___ Dataset content

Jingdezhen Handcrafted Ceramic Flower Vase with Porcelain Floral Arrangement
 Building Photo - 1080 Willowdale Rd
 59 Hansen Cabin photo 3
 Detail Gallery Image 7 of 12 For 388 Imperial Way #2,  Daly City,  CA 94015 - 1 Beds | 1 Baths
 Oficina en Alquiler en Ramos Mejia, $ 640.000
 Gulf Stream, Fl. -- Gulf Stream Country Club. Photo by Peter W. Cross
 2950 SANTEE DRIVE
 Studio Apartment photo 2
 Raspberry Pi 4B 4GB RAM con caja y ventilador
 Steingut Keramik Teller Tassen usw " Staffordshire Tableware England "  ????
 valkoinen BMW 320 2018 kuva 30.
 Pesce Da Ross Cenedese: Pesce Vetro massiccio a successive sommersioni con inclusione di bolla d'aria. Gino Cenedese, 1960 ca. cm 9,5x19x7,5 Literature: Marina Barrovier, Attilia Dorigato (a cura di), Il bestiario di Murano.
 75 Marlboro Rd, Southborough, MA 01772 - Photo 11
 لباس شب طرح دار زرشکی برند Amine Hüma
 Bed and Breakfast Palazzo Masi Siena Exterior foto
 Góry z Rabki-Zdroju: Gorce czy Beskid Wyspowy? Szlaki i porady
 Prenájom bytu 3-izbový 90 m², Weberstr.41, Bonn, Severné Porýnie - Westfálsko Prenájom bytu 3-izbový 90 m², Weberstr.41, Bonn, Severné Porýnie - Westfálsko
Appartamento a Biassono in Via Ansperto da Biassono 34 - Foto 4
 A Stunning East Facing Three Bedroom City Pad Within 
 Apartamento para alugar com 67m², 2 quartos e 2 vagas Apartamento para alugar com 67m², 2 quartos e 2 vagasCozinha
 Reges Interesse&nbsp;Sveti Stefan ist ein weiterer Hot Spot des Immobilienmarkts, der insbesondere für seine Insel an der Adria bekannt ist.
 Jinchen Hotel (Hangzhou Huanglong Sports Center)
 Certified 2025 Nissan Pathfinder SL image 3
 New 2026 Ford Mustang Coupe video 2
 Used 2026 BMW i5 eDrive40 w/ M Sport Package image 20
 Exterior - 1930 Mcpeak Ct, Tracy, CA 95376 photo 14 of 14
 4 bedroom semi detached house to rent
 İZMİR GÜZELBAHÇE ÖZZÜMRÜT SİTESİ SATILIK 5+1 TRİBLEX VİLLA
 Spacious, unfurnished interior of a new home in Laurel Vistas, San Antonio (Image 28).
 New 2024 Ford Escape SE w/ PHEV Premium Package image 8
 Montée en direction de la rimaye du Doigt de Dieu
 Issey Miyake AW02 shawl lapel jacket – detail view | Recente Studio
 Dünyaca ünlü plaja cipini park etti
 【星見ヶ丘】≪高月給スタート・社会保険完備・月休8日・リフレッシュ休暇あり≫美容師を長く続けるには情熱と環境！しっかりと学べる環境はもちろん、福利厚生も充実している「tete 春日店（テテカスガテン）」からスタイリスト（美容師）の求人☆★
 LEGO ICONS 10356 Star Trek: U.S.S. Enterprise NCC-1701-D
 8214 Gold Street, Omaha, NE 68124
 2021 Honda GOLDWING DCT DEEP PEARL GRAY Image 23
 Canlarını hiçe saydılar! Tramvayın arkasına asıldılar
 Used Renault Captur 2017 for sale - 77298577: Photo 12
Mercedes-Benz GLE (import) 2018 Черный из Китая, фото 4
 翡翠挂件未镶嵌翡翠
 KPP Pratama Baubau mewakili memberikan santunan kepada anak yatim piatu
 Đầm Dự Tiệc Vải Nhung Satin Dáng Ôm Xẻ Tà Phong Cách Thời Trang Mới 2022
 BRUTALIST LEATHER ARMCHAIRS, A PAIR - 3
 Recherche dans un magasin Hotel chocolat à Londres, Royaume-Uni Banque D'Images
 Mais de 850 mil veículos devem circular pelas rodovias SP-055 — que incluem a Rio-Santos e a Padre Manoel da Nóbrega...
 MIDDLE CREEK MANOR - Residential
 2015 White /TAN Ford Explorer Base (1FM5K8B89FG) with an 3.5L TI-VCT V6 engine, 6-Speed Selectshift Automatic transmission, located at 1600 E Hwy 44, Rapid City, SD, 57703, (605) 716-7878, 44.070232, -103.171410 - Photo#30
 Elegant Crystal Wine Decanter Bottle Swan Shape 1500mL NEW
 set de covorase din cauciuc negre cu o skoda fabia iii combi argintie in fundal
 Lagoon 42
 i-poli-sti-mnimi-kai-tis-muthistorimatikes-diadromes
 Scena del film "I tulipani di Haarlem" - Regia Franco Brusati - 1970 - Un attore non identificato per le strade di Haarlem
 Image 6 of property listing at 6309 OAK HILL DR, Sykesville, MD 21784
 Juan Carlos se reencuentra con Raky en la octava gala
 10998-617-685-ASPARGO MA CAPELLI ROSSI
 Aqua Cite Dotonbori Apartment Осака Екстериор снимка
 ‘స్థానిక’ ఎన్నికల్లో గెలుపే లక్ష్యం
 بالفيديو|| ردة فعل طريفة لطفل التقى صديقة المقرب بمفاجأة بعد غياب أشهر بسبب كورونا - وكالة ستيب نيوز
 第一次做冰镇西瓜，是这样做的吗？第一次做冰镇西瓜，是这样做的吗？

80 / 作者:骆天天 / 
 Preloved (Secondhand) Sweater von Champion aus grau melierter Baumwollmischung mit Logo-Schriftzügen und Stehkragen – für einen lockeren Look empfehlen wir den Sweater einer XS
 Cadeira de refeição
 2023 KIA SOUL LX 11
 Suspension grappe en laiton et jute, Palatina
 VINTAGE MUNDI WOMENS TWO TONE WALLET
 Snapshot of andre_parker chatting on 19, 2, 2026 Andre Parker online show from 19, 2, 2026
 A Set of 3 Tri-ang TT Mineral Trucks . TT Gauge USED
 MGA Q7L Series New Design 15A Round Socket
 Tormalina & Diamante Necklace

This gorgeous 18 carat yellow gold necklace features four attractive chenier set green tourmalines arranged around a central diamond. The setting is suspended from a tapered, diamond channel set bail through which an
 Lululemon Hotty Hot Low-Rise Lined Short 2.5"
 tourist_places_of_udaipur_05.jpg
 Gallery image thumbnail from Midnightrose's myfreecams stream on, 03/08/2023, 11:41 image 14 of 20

______

## What to work on:
When you retype the data above, start at its first line, stop after the line containing "Bed and Breakfast", and leave out everything else.

## Answer space:
Jingdezhen Handcrafted Ceramic Flower Vase with Porcelain Floral Arrangement
 Building Photo - 1080 Willowdale Rd
 59 Hansen Cabin photo 3
 Detail Gallery Image 7 of 12 For 388 Imperial Way #2,  Daly City,  CA 94015 - 1 Beds | 1 Baths
 Oficina en Alquiler en Ramos Mejia, $ 640.000
 Gulf Stream, Fl. -- Gulf Stream Country Club. Photo by Peter W. Cross
 2950 SANTEE DRIVE
 Studio Apartment photo 2
 Raspberry Pi 4B 4GB RAM con caja y ventilador
 Steingut Keramik Teller Tassen usw " Staffordshire Tableware England "  ????
 valkoinen BMW 320 2018 kuva 30.
 Pesce Da Ross Cenedese: Pesce Vetro massiccio a successive sommersioni con inclusione di bolla d'aria. Gino Cenedese, 1960 ca. cm 9,5x19x7,5 Literature: Marina Barrovier, Attilia Dorigato (a cura di), Il bestiario di Murano.
 75 Marlboro Rd, Southborough, MA 01772 - Photo 11
 لباس شب طرح دار زرشکی برند Amine Hüma
 Bed and Breakfast Palazzo Masi Siena Exterior foto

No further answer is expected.